On voit ensuite un ennemi puissant environner ses murs, lui faire éprouver toutes les horreurs de la guerre et de la disette ; et l'on reconnaît par ces maux sans nombre, par ces fléaux terribles l'accomplissement des menaces, qui avaient été souvent réitérées au Peuple Hébreu, dans le cas où il ne garderait pas la Loi de son alliance ; jusque là que des malheureux époux nourris dans la délicatesse, se trouveraient tellement pressés par la faim qu'ils s'arracheraient leur propre fruit, et qu'après l'avoir dévoré, ils se disputeraient encore cette masse informe et dégoûtante à laquelle l'homme est attaché dans le sein de sa mère. Image horrible qui apprend à la fois à l'homme corporel et son abominable origine, et la dure nécessité où il est de dévorer journellement l'amertume et l'impureté avec lesquelles le premier crime l'a confondu.

Bientôt le Sacrifice perpétuel s'interrompt faute de victimes, les monceaux de morts sont accumulés autour de l'Autel, les Soldats armés et couverts du sang de leurs frères s'établissent dans ce lieu redoutable, où le grand Prêtre seul pouvait entrer une seule foi l'année. C'est alors que subjugué par le nombre et par la misère, il devient errant, sans Temple, sans Sacrificateur, sans Autel, comme l'homme depuis sa chute rampe honteusement dans la privation de ces premiers droits, et des fonctions sublimes qu'il devait remplir dans l'Univers.

Les Fastes des Hébreux, considérés dans cet ensemble et sous ce point de vue, nous présentent un miroir fidèle, où nous pouvons contempler l'histoire de l'homme. On ne peut s'empêcher d'y reconnaître aussi des traces d'une lumière et d'une force supérieure, dont l'homme livré à lui-même est absolument incapable : je parle de ces vertus qui ont dû apporter des secours visibles ,jusque dans sa ténébreuse demeure ou de ces Agents, dont plusieurs sont annoncés dans les Ecritures comme ayant été sans Généalogie et sans Ancêtres.

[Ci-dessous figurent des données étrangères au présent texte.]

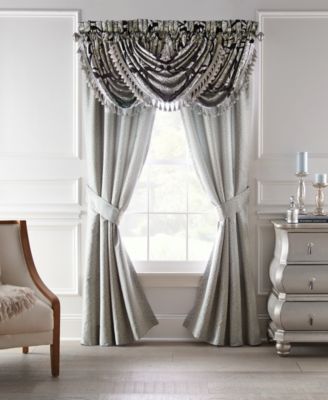 Croscill - The Dianella Curtain Panel Pair by  features a densely woven allover leaf design in light blue and soft gray.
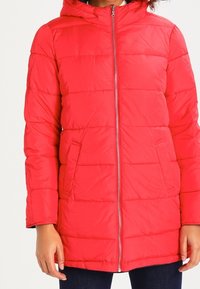 Červená zateplená bunda s kapucí, vybavená horizontálním prošíváním, předním zipem a bočními kapsami. Vyrobena ze syntetických materiálů, s hřejivou texturou.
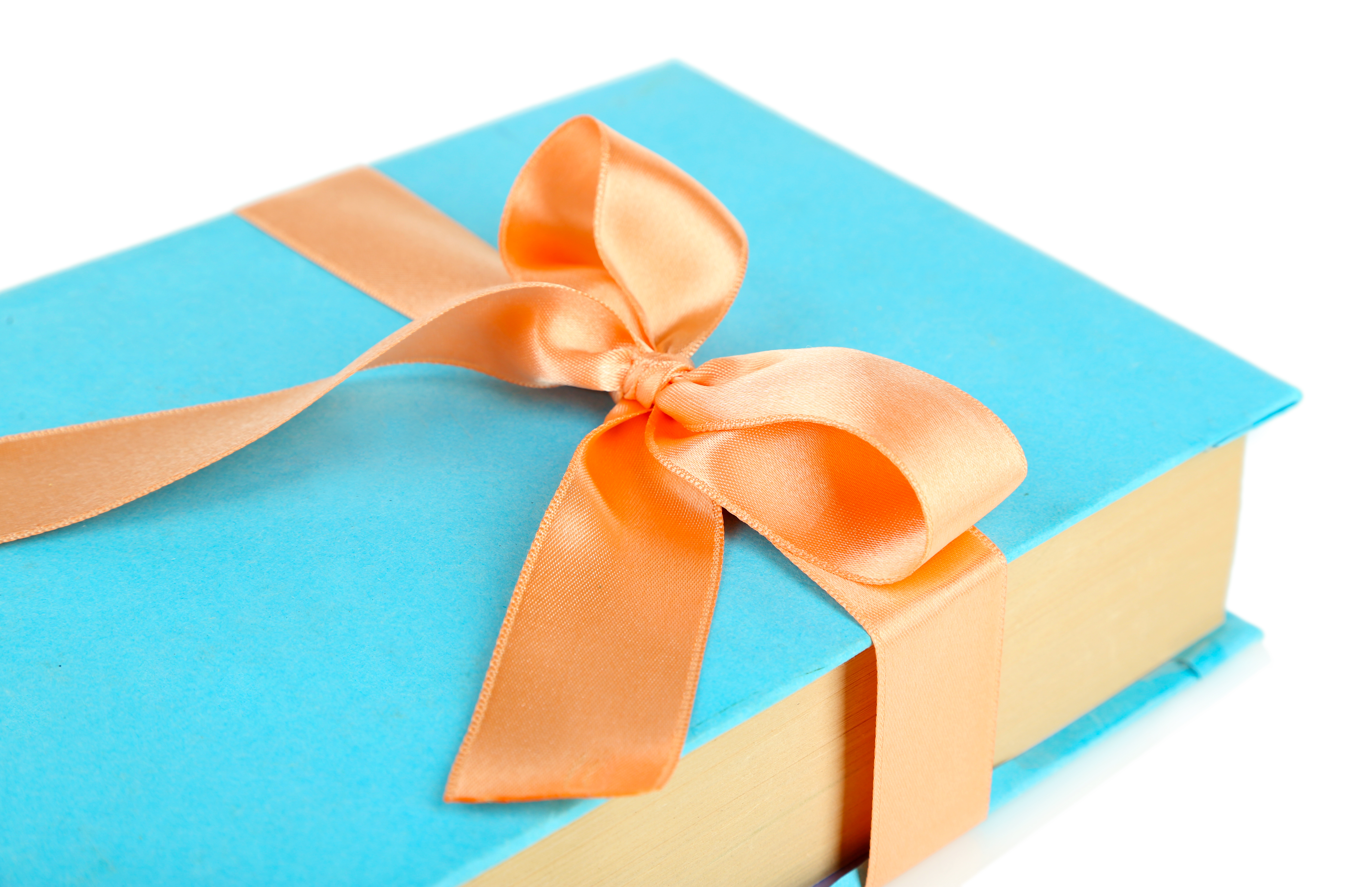 bigstock-Book-wrapped-with-color-ribbon-54081421.jpg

Enfin, le nombre de ces Agents, les différentes époques où ils se sont manifestés, désignent cette subdivision des puissances divines, qui fait ici-bas le tourment de l'homme, mais qu'il doit subir avant de recouvrer son domaine, et dont les tableaux ne peuvent se peindre à lui sous les couleurs trop sévères, attendu que pour celui dont le dernier sentiment a été le mépris de la vérité, le premier doit être la terreur de cette même vérité.

Nous avons maintenant à fixer nos idées sur les apparences de cruauté et d'injustice que nous offrent les Traditions des Hébreux, et sur le choix que la Sagesse a fait d'un Peuple qui a si mal répondu à ses bienfaits.

Arrêtons-nous d'abord à ces exécutions cruelles, ces énormes effusions de sang opérés par la main des Hébreux, malgré la Loi formelle qui leur défendait de le répandre : parlons de ces fléaux lancés sur des Peuples innocents pour l'expiation des fautes de leurs Chefs ; parlons, dis-je, de toutes ces souffrances dont plusieurs ont été les victimes non seulement pour les prévarications de leurs Ancêtres, mais encore pour celles d'autres coupables, avec qui ils semblaient n'avoir pas les mêmes rapports.

La première de ces difficultés se résout par la contradiction même. Plus la défense faite au Peuple Hébreu de répandre le sang était précise, plus la Sagesse faisait connaître que le droit de Justice lui était réservé à elle seule, et qu'ayant pu seule donner la vie aux hommes, il n'y avait qu'elle qui eût le pouvoir légitime d'en disposer.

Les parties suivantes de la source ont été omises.